Overview - 2.6 English

Binary CAM Search v2.6 LogiCORE IP Product Guide (PG317)

Document ID
PG317
Release Date
2023-11-01
Version
2.6 English
The Binary CAM Search IP core (BCAM) is a member of the family of CAMs provided by AMD. The family consists of four members:
Binary CAM (BCAM)
Described in this document. Used for exact matching. Entry storage is provided in UltraRAM or block RAM.
Hardware-managed binary CAM (CBCAM)
Described in this document. Entries can be inserted/deleted without a software driver using hardware interface. Software managed inserts/deletes are also supported. The CBCAM software driver has no shadow memory of the CAM contents, and requires less memory and CPU resources at the cost of additional logic resources.
Semi TCAM (STCAM)
The STCAM is fully flexible in terms of number, size and position of wildcard (don't care) fields. Every key bit has a corresponding mask bit. The number of allowed unique masks is however limited. This allows for considerable memory and logic optimizations. See the Semi-Ternary CAM Search LogiCORE IP Product Guide (PG319).
Ternary CAM (TCAM)
The primary usage of TCAM is for tables requiring full flexibility in terms of size and position of wildcard (don't care) fields. Every key bit has a corresponding mask bit stored together with the key. All entries can have different masks. TCAMs are used for Access Control List (ACL) type lookups, requiring a large number of different masks. See the Ternary CAM Search LogiCORE IP Product Guide (PG318).
One or multiple instances of each type can be used inside the same FPGA. Different types can also be mixed inside the same FPGA. Each CAM type is optimized for its specific task in terms of hardware resource usage and can be flexibly configured using VitisNetP4 or the IP integrator.

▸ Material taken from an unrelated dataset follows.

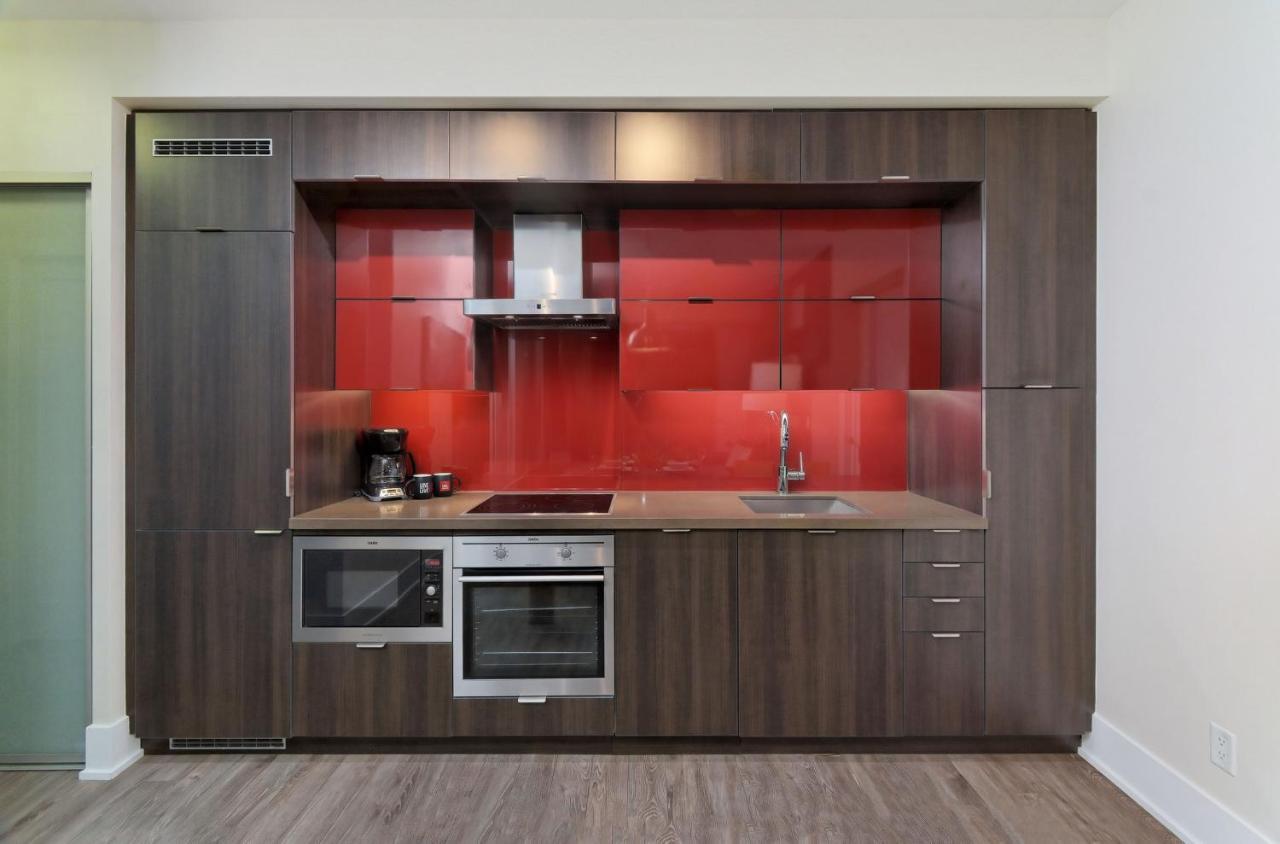 Delsuites - 300 Front Street - 30 Night Stays Hotel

The BCAM stores {key, response} entries in either URAM or block RAM. The BCAM provides efficient use of FPGA resources, in contrast with basic BCAM implementations that store the keys in flip-flops and use logic resources for parallel key comparison.

The Lookup interface of the BCAM receives a lookup key and outputs a result that contains a match flag indicating whether the lookup key matches the key of any entry in the BCAM. If any BCAM entry is matched, the response value of the matching entry is output. The BCAM is pipelined so that it can process a Lookup Request every clock cycle.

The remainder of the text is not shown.